During the initial fly-out phase of flight, the seeker window is covered with a two-piece clamshell protection shroud. Metal bladders installed in the shroud are inflated to eject the protective shroud before the seeker initiates target acquisition. The infrared seeker head, developed by BAe Systems, is an indium antimonide (InSb) staring focal plane array operating in the mid-infrared 3μm to 5μm wavelength band.

M1075 truck-mounted launcher

There are nine M1075 truck-mounted launchers in a typical THAAD battery. Launch vehicle is a modified Oshkosh Truck Corporation heavy expanded mobility tactical truck with load-handling system (HEMTT-LHS). The 12m-long by 3.25m-wide launch vehicle carries ten missile launch containers. While on the launcher, lead acid batteries provide the primary power. The batteries are recharged with a low-noise generator.
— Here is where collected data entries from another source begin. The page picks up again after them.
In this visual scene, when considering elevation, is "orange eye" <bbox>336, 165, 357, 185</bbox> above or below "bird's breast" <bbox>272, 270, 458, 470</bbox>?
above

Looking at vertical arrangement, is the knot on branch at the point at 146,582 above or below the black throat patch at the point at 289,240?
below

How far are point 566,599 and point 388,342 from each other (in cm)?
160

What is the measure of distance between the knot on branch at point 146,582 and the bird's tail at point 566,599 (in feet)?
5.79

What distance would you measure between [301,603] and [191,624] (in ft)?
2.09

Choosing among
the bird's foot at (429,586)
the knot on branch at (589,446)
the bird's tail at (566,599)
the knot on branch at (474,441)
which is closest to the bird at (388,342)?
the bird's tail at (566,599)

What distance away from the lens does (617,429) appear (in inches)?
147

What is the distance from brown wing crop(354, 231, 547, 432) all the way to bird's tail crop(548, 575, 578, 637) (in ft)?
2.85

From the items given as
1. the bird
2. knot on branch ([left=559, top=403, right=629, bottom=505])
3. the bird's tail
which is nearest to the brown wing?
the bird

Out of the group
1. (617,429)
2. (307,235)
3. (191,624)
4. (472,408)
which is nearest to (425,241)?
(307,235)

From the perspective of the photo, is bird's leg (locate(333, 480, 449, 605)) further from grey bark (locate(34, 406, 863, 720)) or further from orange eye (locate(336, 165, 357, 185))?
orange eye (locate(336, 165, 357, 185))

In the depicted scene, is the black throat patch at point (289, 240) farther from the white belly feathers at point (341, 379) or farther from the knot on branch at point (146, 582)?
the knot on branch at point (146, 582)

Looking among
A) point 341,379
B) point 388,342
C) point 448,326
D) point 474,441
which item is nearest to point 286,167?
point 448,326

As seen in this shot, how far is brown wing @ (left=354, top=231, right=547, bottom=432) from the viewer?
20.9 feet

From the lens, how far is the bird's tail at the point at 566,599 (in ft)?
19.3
After firing, reloading the launch vehicle takes 30 minutes.

Ground-based radar

The cueing for the THAAD system is provided by the Raytheon Systems AN/TPY-2 ground-based radar (GBR) for surveillance, threat classification and threat identification. THAAD can also be cued by military surveillance satellites such as Brilliant Eyes.

The ground-based radar units are C-130 air transportable. The AN/TPY-2 radar uses a 9.2m² aperture full field of view antenna phased array operating at I and J bands (X band) and containing 25,344 solid-state microwave transmit and receive modules. The radar has the capability to acquire missile threats at ranges of up to 1,000km.
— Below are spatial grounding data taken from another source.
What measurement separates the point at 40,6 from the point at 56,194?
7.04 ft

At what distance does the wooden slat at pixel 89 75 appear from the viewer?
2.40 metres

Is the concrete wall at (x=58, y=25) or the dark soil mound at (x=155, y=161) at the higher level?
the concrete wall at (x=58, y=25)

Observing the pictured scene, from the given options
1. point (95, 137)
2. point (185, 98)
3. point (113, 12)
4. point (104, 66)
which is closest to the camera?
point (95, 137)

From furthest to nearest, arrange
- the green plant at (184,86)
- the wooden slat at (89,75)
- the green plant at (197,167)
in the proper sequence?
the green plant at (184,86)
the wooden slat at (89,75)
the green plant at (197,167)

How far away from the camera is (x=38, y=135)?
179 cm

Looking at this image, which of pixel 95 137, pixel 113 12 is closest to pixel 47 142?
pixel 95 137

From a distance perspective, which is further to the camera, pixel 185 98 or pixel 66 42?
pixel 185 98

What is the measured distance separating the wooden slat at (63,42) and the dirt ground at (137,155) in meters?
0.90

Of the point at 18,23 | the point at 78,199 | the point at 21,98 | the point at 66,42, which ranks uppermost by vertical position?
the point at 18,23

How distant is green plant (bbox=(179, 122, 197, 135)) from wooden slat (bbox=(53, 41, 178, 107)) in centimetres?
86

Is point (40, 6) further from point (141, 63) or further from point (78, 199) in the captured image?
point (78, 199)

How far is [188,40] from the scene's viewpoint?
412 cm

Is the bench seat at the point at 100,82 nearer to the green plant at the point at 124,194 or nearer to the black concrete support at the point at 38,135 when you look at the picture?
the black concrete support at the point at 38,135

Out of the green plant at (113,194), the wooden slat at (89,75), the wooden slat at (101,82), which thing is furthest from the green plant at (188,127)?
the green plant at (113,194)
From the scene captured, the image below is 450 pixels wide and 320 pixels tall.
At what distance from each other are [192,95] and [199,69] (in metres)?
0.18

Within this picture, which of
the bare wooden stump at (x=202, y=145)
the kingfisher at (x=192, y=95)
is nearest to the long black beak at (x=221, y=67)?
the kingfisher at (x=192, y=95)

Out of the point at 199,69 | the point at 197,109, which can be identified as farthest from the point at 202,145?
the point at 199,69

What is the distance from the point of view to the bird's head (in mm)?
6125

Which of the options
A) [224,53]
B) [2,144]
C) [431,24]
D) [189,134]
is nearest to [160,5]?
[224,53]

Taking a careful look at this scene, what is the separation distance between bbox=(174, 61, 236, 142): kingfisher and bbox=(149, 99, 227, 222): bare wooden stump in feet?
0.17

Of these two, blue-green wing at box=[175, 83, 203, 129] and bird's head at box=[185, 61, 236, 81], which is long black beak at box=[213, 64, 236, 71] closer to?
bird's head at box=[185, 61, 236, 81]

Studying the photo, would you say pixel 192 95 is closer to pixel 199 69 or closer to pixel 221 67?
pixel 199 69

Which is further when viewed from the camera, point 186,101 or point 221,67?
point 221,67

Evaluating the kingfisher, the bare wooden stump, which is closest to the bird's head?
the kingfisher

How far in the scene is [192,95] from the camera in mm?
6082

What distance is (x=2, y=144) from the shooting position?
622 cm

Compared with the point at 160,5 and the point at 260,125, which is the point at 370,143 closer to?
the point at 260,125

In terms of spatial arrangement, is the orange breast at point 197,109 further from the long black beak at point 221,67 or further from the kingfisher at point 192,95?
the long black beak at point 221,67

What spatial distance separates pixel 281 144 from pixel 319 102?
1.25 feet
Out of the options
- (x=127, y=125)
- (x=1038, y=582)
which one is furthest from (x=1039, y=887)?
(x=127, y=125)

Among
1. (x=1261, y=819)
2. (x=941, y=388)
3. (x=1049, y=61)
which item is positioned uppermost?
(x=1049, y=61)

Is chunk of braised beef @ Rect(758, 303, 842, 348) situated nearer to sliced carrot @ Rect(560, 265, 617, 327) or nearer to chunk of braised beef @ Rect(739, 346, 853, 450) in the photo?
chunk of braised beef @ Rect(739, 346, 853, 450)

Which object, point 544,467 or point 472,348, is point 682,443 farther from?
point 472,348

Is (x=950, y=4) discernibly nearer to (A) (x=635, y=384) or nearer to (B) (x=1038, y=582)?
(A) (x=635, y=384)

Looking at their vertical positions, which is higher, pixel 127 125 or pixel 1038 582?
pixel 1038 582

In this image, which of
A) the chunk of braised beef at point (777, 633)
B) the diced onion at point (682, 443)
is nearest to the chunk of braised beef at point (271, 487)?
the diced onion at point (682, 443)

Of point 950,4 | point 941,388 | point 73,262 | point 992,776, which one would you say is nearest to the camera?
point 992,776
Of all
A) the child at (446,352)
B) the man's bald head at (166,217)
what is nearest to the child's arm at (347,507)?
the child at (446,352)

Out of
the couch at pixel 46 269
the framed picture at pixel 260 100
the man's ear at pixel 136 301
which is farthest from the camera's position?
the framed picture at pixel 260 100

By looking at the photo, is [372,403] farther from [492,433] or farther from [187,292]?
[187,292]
The first production radar was tested at the White Sands Missile Range in New Mexico. In September 2004, the THAAD radar tracked a tactical ballistic missile, cueing a successful intercept by a Patriot PAC-3 missile. A second radar was delivered to White Sands in June 2007.

The US Missile Defence Agency awarded a $2.3bn production contract to Raytheon for seven gallium nitride (GaN)-based AN/TPY-2 radars as a THAAD system component in June 2020.

Tactical operations centre

Each THAAD battery has two tactical operations centres (TOC). The TOC has been developed by Northrop Grumman, formerly Litton Data Systems Division. The TOC accommodates two operator stations and is equipped with three Hewlett-Packard HP-735 data processors.

Mobile BMC3I units

The THAAD system is able to ‘hand over’ targets to other defence systems and can cue the targets to other weapons. THAAD is able to interface to other US or allied air defence data information networks and to the battle management and command control and communications centre.

Northrop Grumman has been contracted to develop the THAAD BMC3I. The battle management and command, control, computers and intelligence (BMC3I) units are installed in hardened shelters mounted on high-mobility multi-wheeled vehicles (HMMWVs).

The THAAD communications system can use a joint tactical information distribution system (JTIDS), mobile subscriber equipment, a single channel ground and airborne radio system (SINCGARS) and the joint tactical terminal for voice and data communications and for intelligence data transfer.